17 May | Nonparametric models I: Dirichlet Process | PMSL Chapter 10 | Teh et al., 2006; Teh, 2006 | |||

Week 8 | 22 May | Nonparametric models II: Hierarchical Dirichlet Process | PMSL Chapter 10 | Goldwater et al., 2009 | ||

24 May | Probabilistic grammar formalisms I: Probabilistic Finite-State Machines | PMSL Chapter 11 | ||||

Week 9 | 29 May | Probabilistic grammar formalisms II: Probabilistic Finite-State Machines cont'd | PMSL Chapter 11 | |||

31 May | Probabilistic grammar formalisms III: Probabilistic context-free grammars | PMSL Chapter 11 | Charniak, 1997 | |||

Week 10 | 5 Jun | Probabilistic grammar formalisms IV: applications | PMSL Chapter 12; Probabilistic Earley Algorithm slides | Levy, 2008 | ||

7 Jun | Probabilistic grammar formalisms V: Fragment grammars | TBD | O'Donnell et al., 2011 | |||

Finals | 14 Jun | Final projects due! |

## 6 Requirements

If you are taking the course for credit, there are four things expected of you:

- Regular attendance in class.
- Doing the assigned readings and coming ready to discuss them in class.
- Doing several homework assignments to be assigned throughout the quarter. Email submission of the homework assignments is encouraged, but
*please*send it to lign252-homework@ling.ucsd.edu instead of to me directly.
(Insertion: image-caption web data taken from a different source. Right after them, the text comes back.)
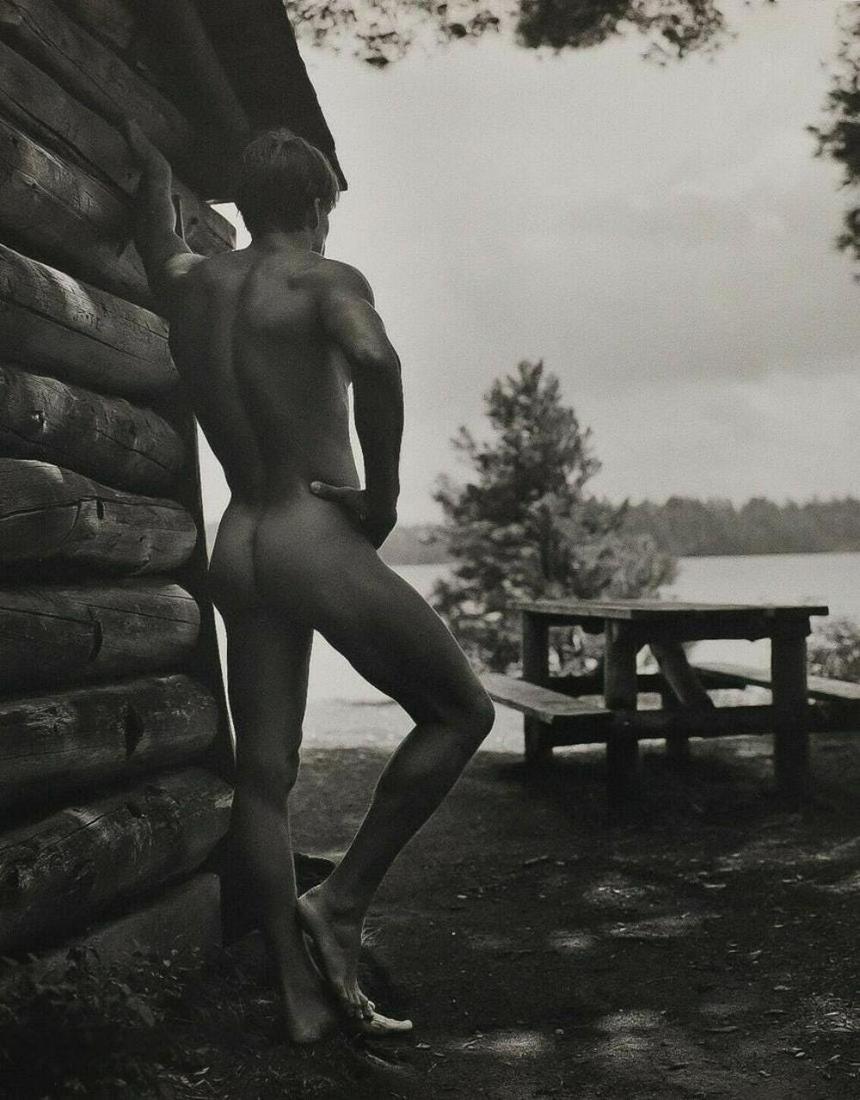 BRUCE WEBER, PAUL Log Cabin Adirondack - 1988: Photographer: Bruce Weber (American, b. 1946) - internationally renowned American fashion photographer best known for his racy, erotically charged imagery. Weber has shot the ad campaigns of Calvin Kl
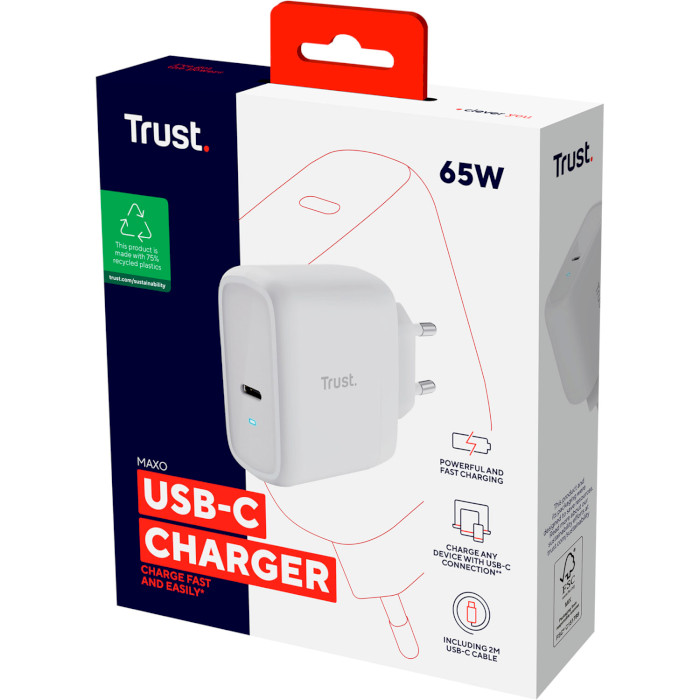 Зарядний пристрій TRUST Maxo 65W 1xUSB-C Charger White w/Type-C to Type-C cable (25139)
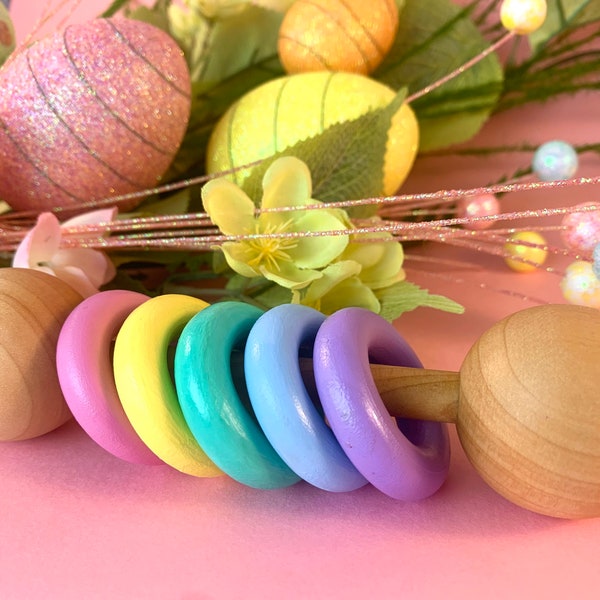 Wooden Baby Rattle Etsy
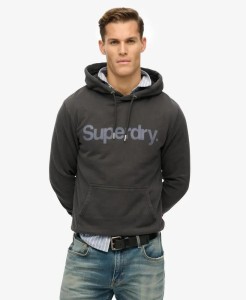 superdry Core Logo City Hood – bluza z kapturem bawełniana, Washed Black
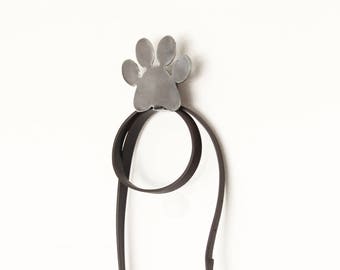 Paw Print Dog Leash Holder  |  paw print wall hook pet leash hanger home organizer gift stocking stuffer gift useful gifts home organization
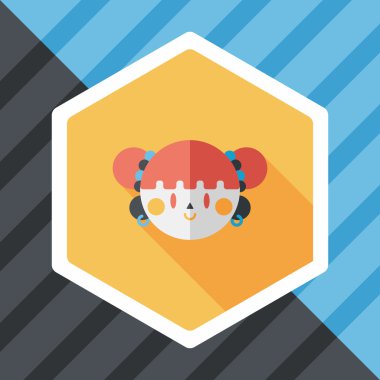 Çin yeni yılı kız uzun gölge, eps10 düz simgesiyle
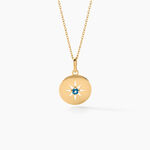 Collier Or Jaune Evening Star Topaze Bleu London - Colliers Femme | Histoire d&rsquo;Or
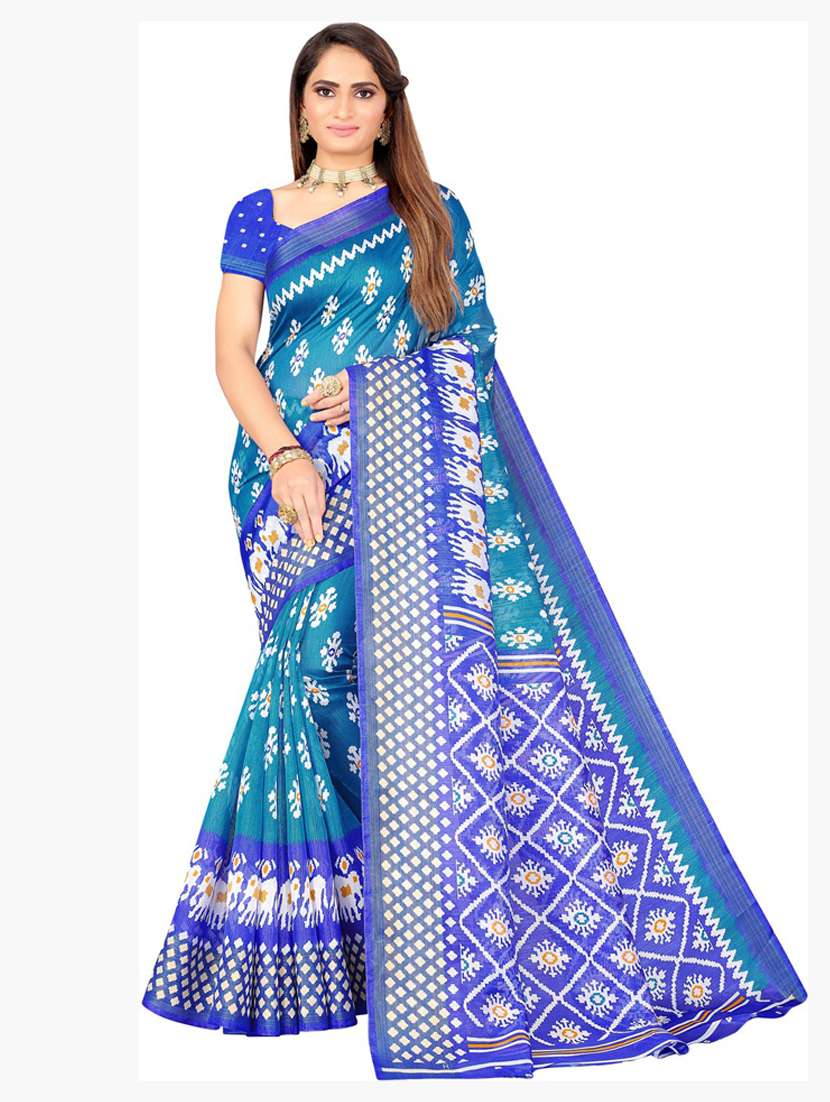 women's self design blue colored saree with blouse - 19283548 - Zoom Image - 0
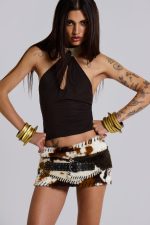 Kena Whipstitch Cow Micro Mini Skirt - Image 11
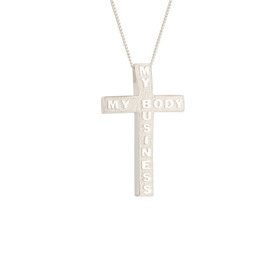 “my body my business” white silver cross pendant with chain
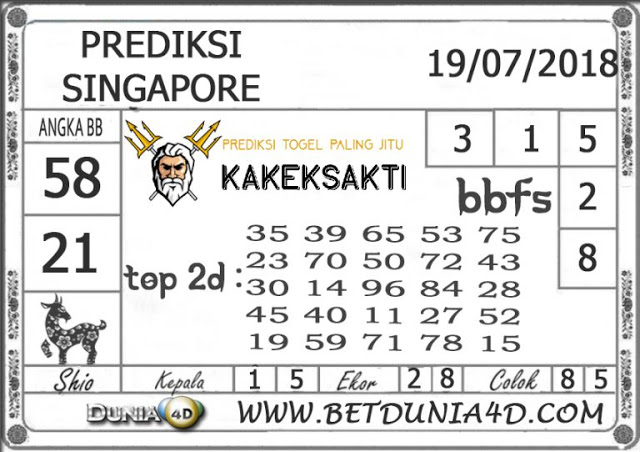 Prediksi Syair Togel Singapore 19 Juli 2018 Live Draw Togel Sgp Dan Hongkong Kumpulan Syair Dan Paito Warna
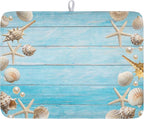 Summer Coastal Dish Drying Mat for Kitchen Counter Seashell Starfish Blue by Unknown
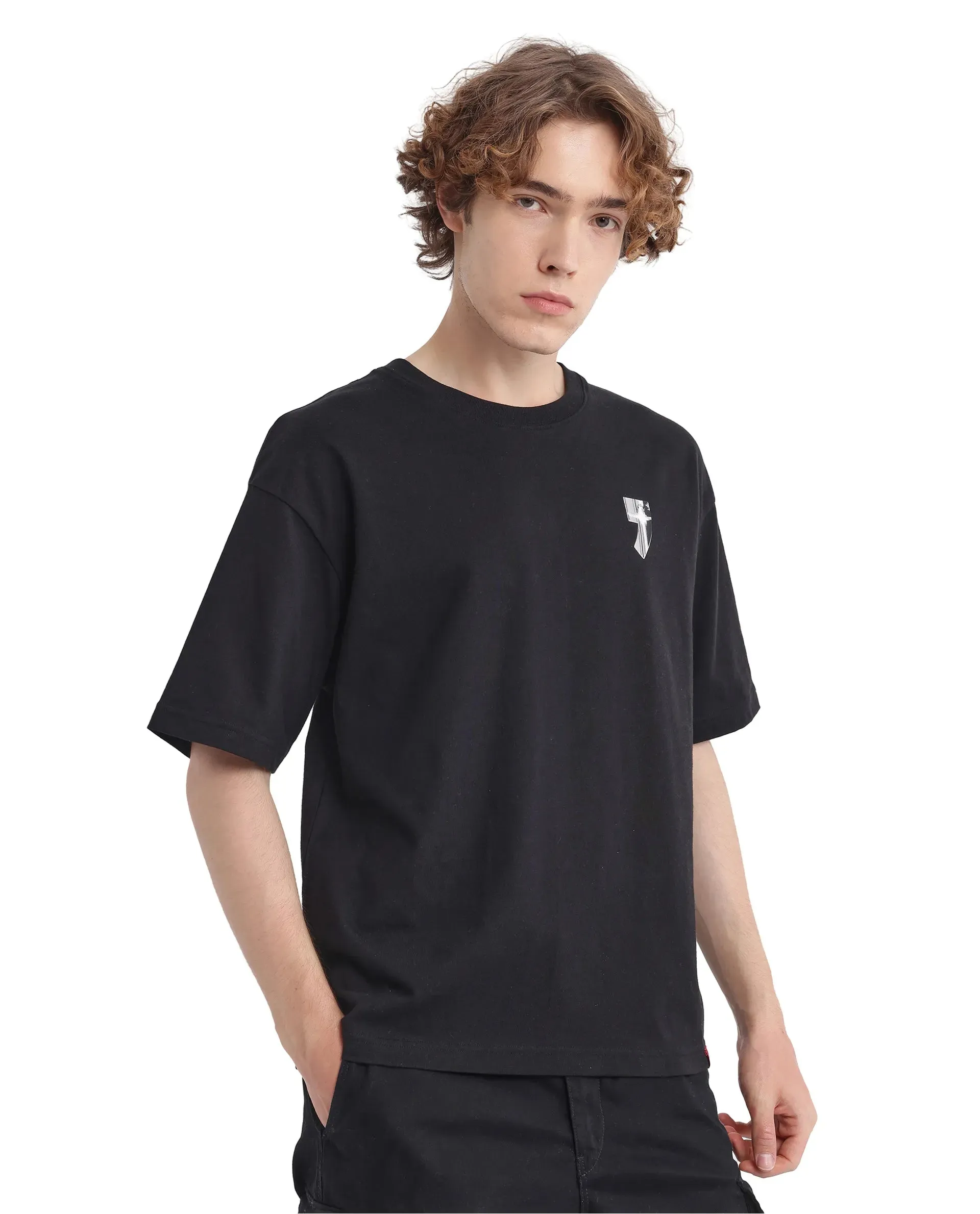 Rare Rabbit Men Keltz Black Cotton Fabric Short Sleeve Crew Neck Oversized Fit Printed T-Shirt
If you send it to me directly I may lose track of it.You can find some guidelines on writing good homework assignments here. The source file to this PDF is here.

- A final project which will involve computational modeling and/or data analysis in some area relevant to the course. Final project guidelines are here.

## 7 Mailing List

There is a mailing list for this class, lign252-l@mailman.ucsd.edu. Please make sure you're subscribed to the mailing list by filling out the form at https://mailman.ucsd.edu/mailman/listinfo/lign252-l! We'll use it to communicate with each other.

## 8 Programming help

For this class I'll be maintaining an FAQ. Read the FAQ here.

I also run the R-lang mailing list. I suggest that you subscribe to it; it's a low-traffic list and is a good clearinghouse for technical and conceptual issues that arise in the statistical analysis of language data.

In addition, the searchable R mailing lists are likely to be useful.